For the office itself you probably need a better quality switch, as cadeyrn says, one with a good backplane speed - and one that supports jumbo frames and can be set to lock down duplex settings to a constant rather than auto-negotiate. To be honest, you can't go a lot wrong here with any major supplier of quality networking, but if it were me I'd be looking at HP Procurves because I've found them to be reliable and a good balance between power and performance.

As for wireless, while I appreciate you need to use it for the sort of work you're doing and as much as I enjoy the convenience of it myself at times, I'm not convinced that "fast", "reliable" and "30 clients" belong in the same requirements list... don't get me wrong, there's some decent kit out there that will improve things but it will always be a big compromise.

  • I thought about having a better router to separate the wired and the wireless network without needing a L3 switch. How would you keep them separated that? – duhanebel Apr 4 '11 at 14:16
  • with a programmable switch you can create VLANs for wired clients and traffic from wireless access points, so you can choose how (or indeed if at all) things are routed between those networks. – Rob Moir Apr 4 '11 at 14:31
  • but how can I route only certain traffic from the wireless network to the wired one to let, for example, the iPhone to sync with an iMac? – duhanebel Apr 4 '11 at 15:51

Just some thoughts:

  • for wired network:
    • search for at least 10Gbit backplane and 1Gbit/port, managed switch (Linksys would do IMHO)
  • for wireless:
    • look at MIMO solutions (TP-Link for small budget)
    • AirPort, if you really want Mac support in every way
  • for firewall,
    • if you want power and unlimited possibilities, see Zorp
    • if smaller would be enough, see Untangle

And of course, the possibilities are unlimited.
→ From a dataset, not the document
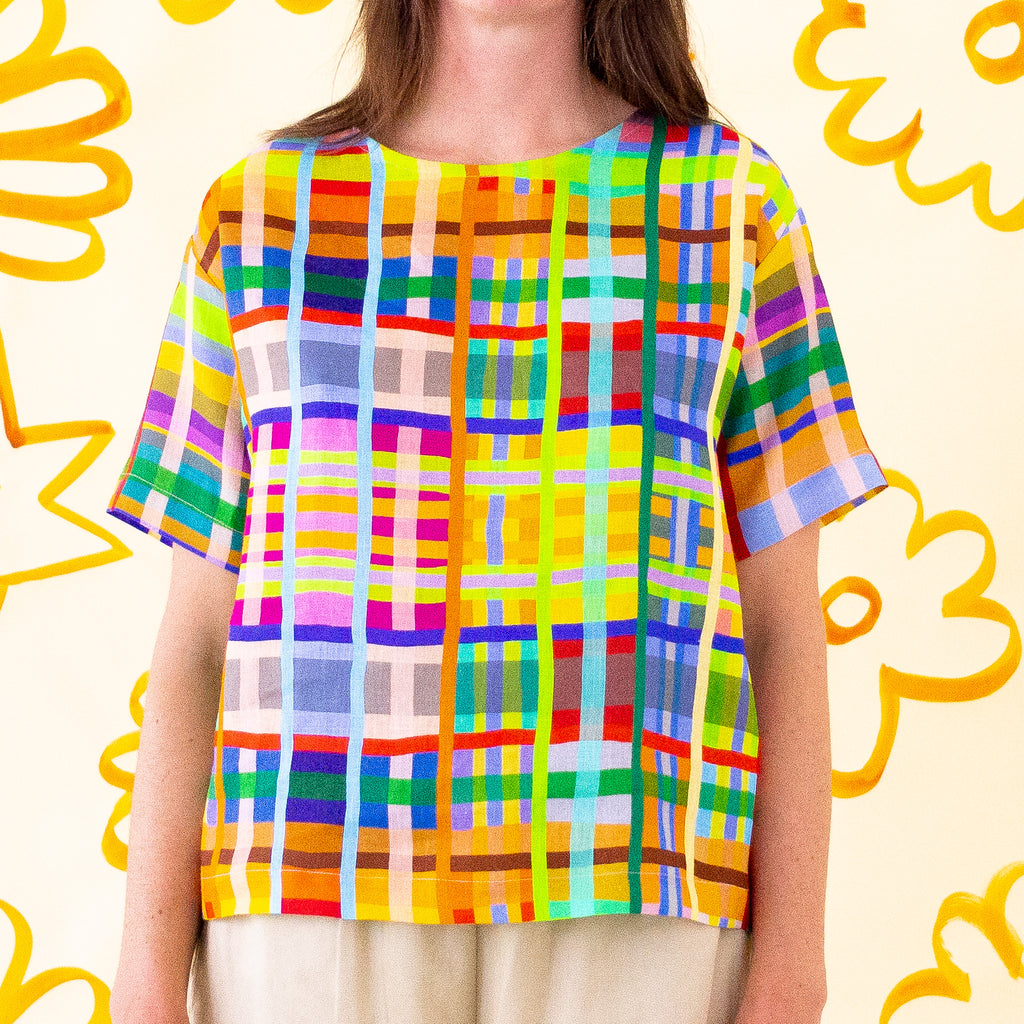 A front view of the shuh Farm print linen top. Multicoloured lines in grid patterns resembling a birds eye view of a farm.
  • A 10Gbit backplane is overkill. Even if you are transferring big files between 4 computers, your hard drives will slow you down more than your network capacity at this size. Also, why specify a backplane at all, when data is invariably going to be transferred through a 1 GB switch, and into the 1 GB adapter on each iMAC? – Mark Lawrence Apr 4 '11 at 14:12
  • Those firewall solutions look very good. But I don't think I need that kind of power. What I need is a simple filter between internet and the internal network. Anything less expensive/big? – duhanebel Apr 4 '11 at 14:18
  • @Mark Lawrence: 10Gbit to share among the 1Gbit ports, and yes, the hard drives are slow, but calculate: 1 Gbits/sec means max. 125 Mbytes/sec, and a SATAII drive can easily produce 80Mbytes/sec, so it's not an overkill IMHO. – petermolnar Apr 4 '11 at 14:40
  • @duhanebel: a list for smaller and less expensive: link ;) – petermolnar Apr 4 '11 at 14:42

Here's my take:

Wired network - totally depends on your office layout. Are they all within a fairly short distance of each other, if so, then buying GB cable (cat 5e or cat 6) and putting them through one switch will be fine, such as a 24 port HP 1810G switch. I personally wouldn't do this if they are more than 8 meters apart, if they are more spread out, or you just like to rationalise your wiring, then I would split your clients between a couple of 8 port Netgear GS108T switches. Either way, 1GB will give you plenty and these are nice switches that are fast but are passively cooled so they don't make a noise.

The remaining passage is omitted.